Entry Date:
December 1, 2001

GOATS: Generic Ocean Array Technology Sensors

Principal Investigator Henrik Schmidt

Co-investigator John Leonard


The GOATS project, initiated in 1998 in collaboration between MIT and NURC, with the long-term objective of developing net-centric, autonomous underwater vehicle sensing concepts for littoral MCM and ASW. The core of the program is the exploitation of collaborative and environmentally adaptive, bi- and multi-static, passive and active sonar configurations for concurrent detection, classification and localization of subsea and bottom objects. A principal development has been the MOOS-IvP Nested Autonomy concept with onboard integrated acoustic sensing, signal processing and platform control algorithms for adaptive, collaborative, multiplatform REA, MCM, and ASW in unknown and unmapped littoral environments with uncertain navigation and communication infrastructure.

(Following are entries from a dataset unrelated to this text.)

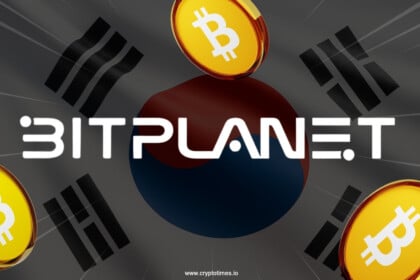Korean Firm Bitplanet Begins Regulated Bitcoin Purchase Plan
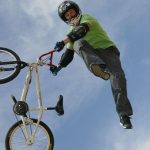 Dave Mirra Freestyle BMX Dengan Banyak Prestasi Mengesankan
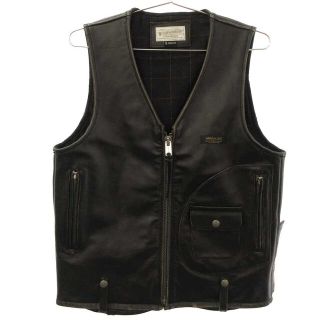 NEIGHBORHOOD PADDED WORK VEST ベストネイバーフッド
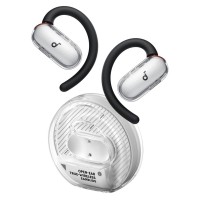 Bluetooth-гарнітура Anker SoundCore V40i White (A3878G21)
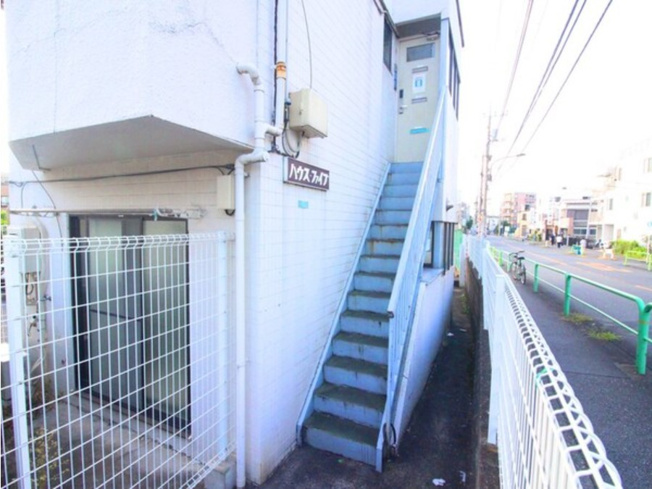 【その他共用部分】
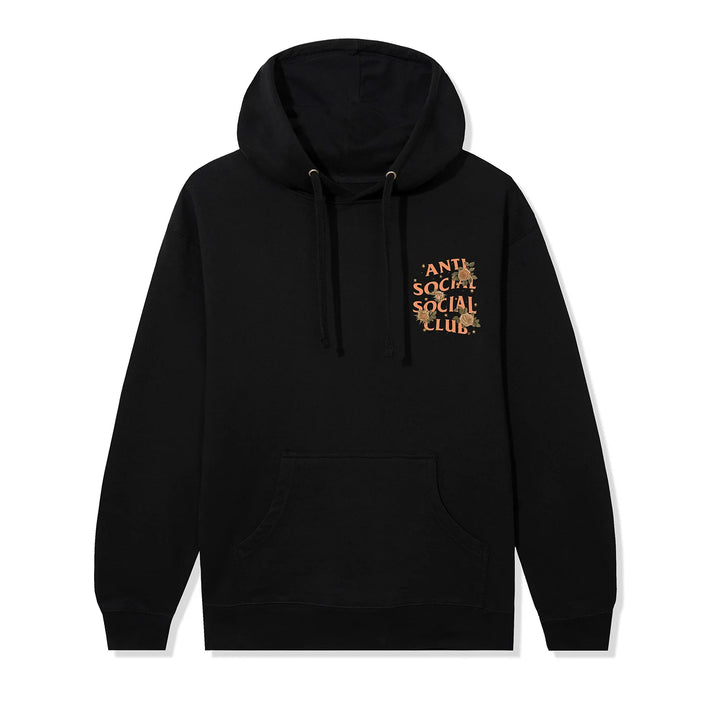 ANTI-SOCIAL (SOLIS) HOODIE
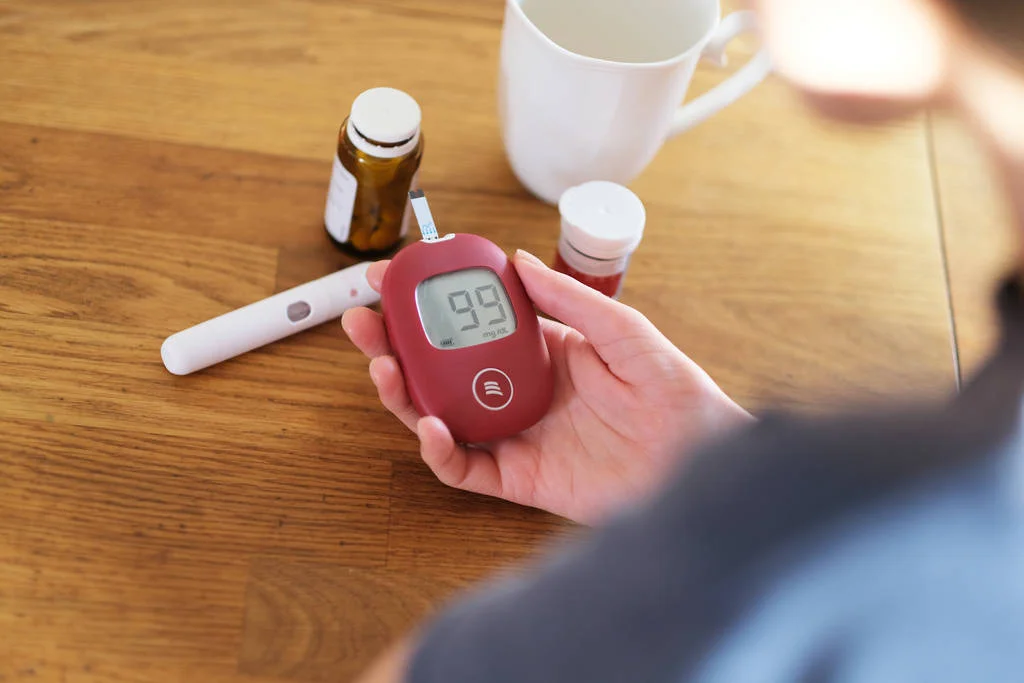 Early Warning Signs of Diabetes Most People Miss Paheal’s Symptom Decoder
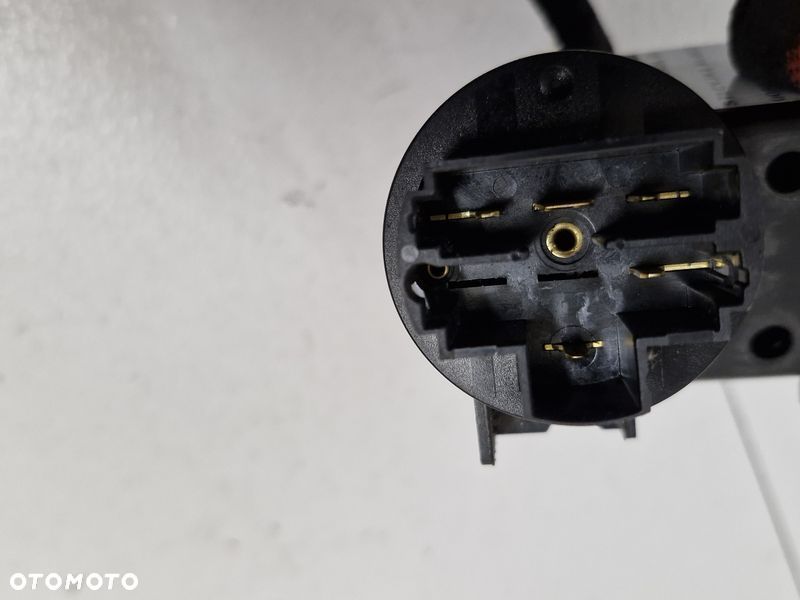 fiat panda iii 3 stacyjka kluczyk 00518006280 - 10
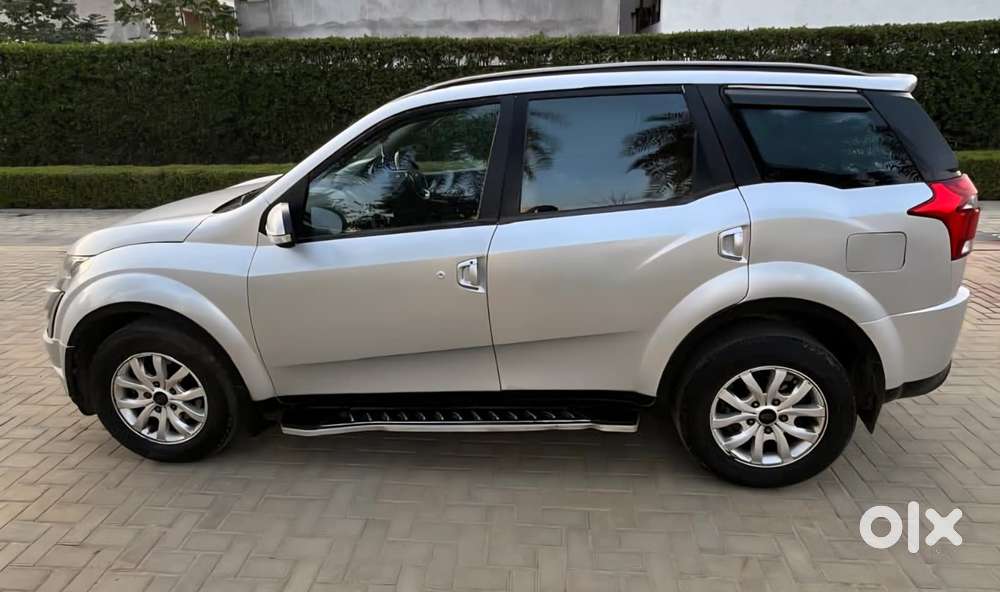 Mahindra Xuv500 W9 1.99, 2020, Diesel
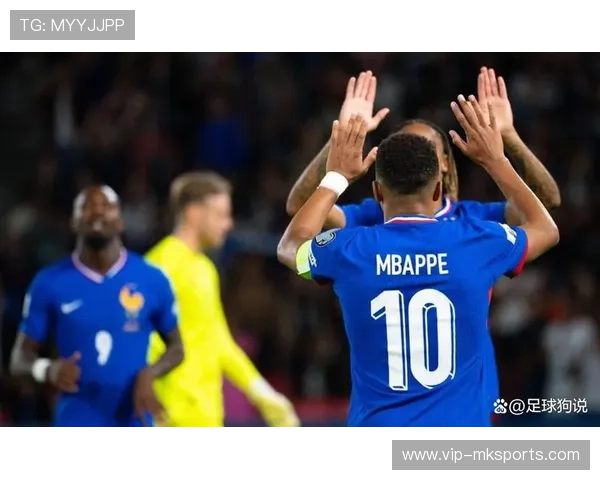 姆巴佩遭遇摩洛哥铁壁,小组赛或极度难啃 姆巴佩遭遇摩洛哥铁壁,小组赛或极度难啃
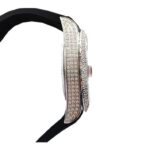 Rolex Submariner 116336 Black Dial Diamond Bezel Replica - Image 2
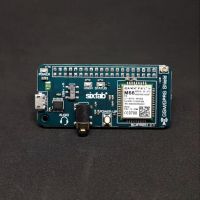 Raspberry Pi GSM/GPRS Shield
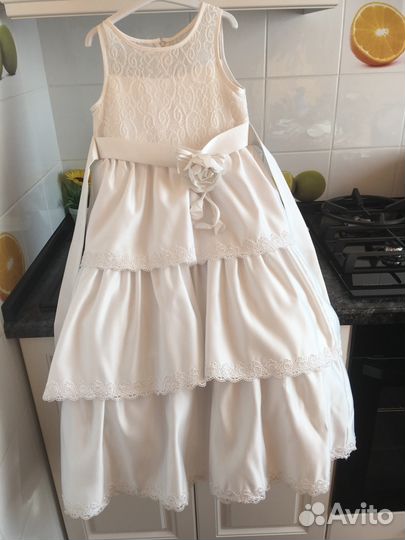 Платье нарядное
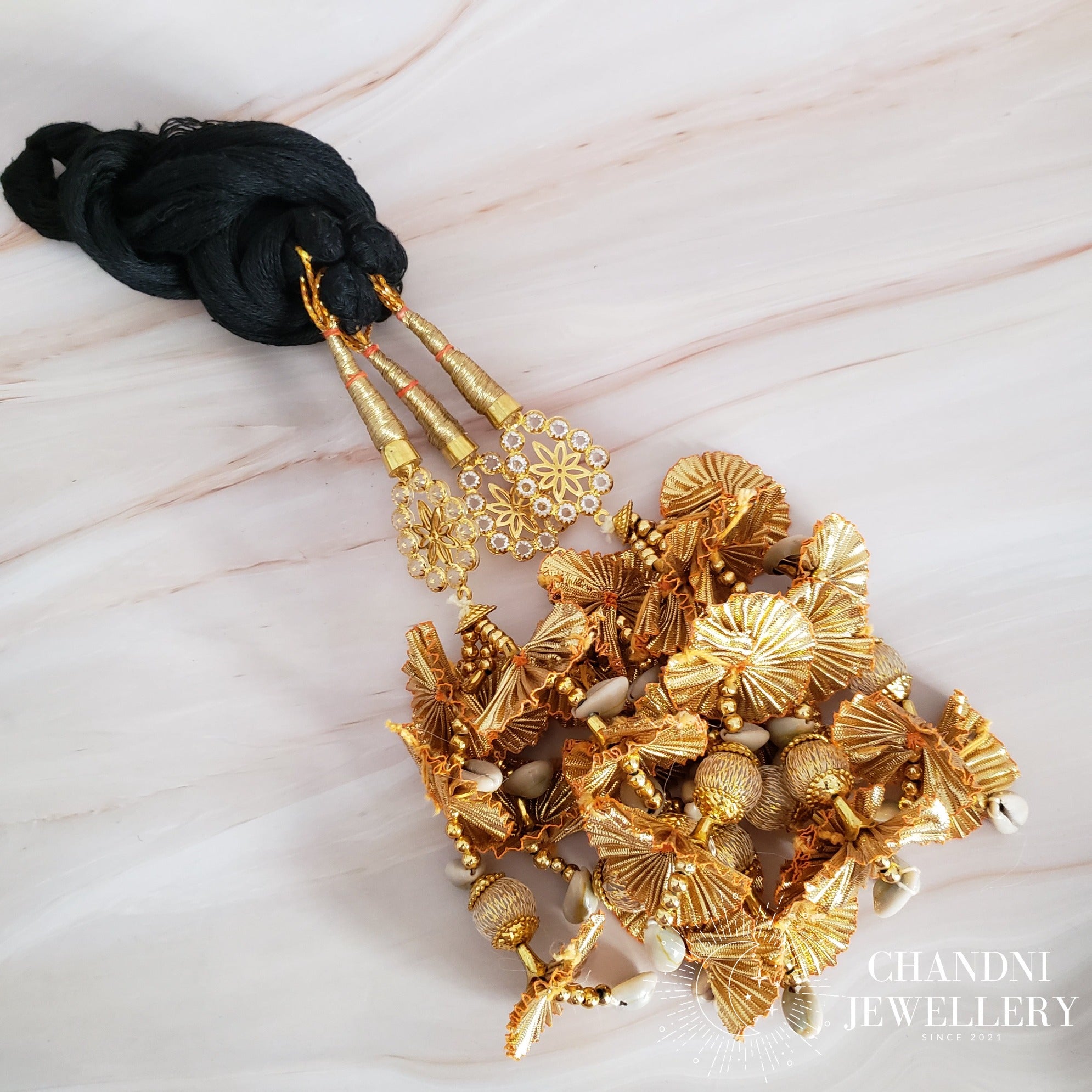 Harleen Gold Parandi
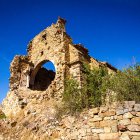 Iglesia de San Bartolomé de Sarnago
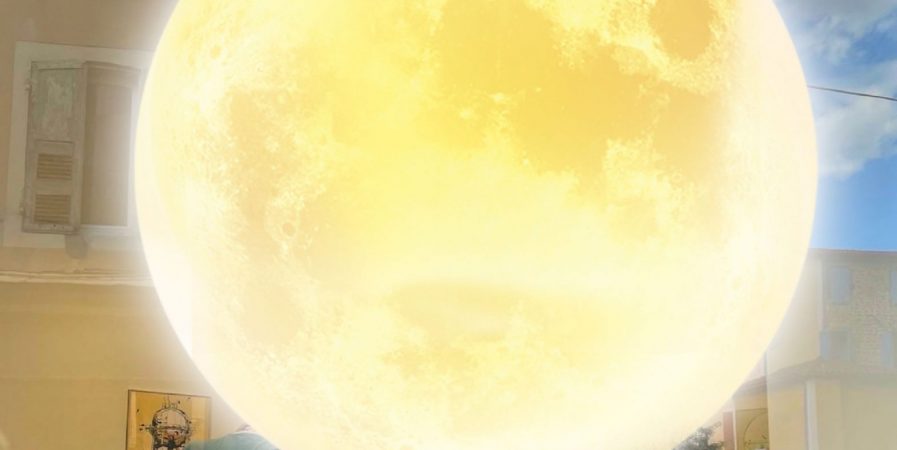 Les Nuits de Pleine Lune – 1ère édition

The MOOS autonomy middleware was developed under GOATS in 2001-02 by Paul Newman while he was holding a Post-doc appointment at MIT, and all autonomous vehicles operated by the lab are using MOOS. Another development under GOATS has been a nested, distributed command and control architecture that enables individual network nodes of clusters of nodes to complete the mission objectives, including target detection, classification, localization and tracking (DCLT), fully autonomously with no or limited communication with the network operators. The need for such a nested, autonomous communication, command and control architecture has become clear from the series of experiments carried out in the past under GOATS and several experiments carried out under the ONR UPS PLUSNet program.